DATA PROVIDED:
▶

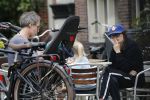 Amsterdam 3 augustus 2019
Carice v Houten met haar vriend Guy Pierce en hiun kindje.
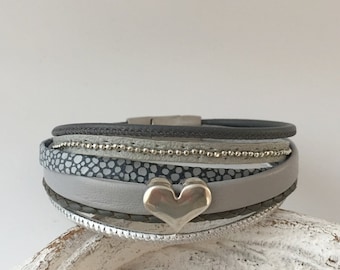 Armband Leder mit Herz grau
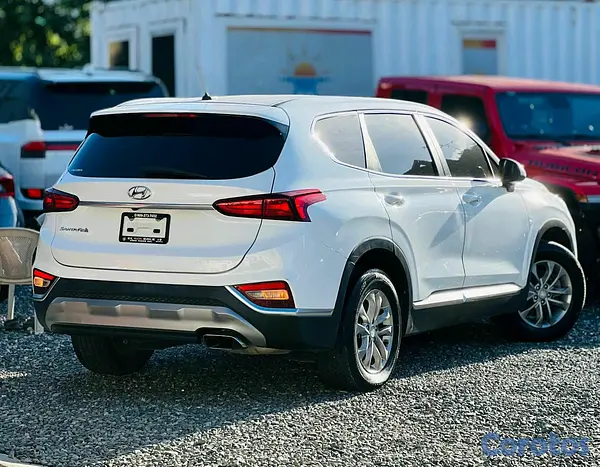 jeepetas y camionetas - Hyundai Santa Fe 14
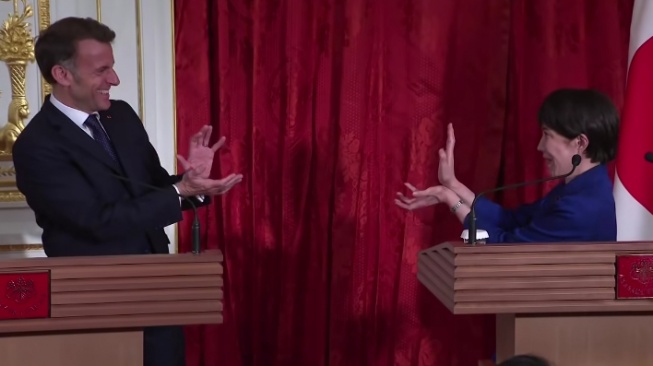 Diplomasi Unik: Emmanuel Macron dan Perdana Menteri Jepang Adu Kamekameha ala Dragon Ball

◀

TASK STATEMENT:
Every line from the one containing "Armband Leder mit Herz grau" through the end of the records is to be returned exactly, and those lines alone; pictures are dropped.

SOLVED PROBLEM:
 Armband Leder mit Herz grau
 jeepetas y camionetas - Hyundai Santa Fe 14
 Diplomasi Unik: Emmanuel Macron dan Perdana Menteri Jepang Adu Kamekameha ala Dragon Ball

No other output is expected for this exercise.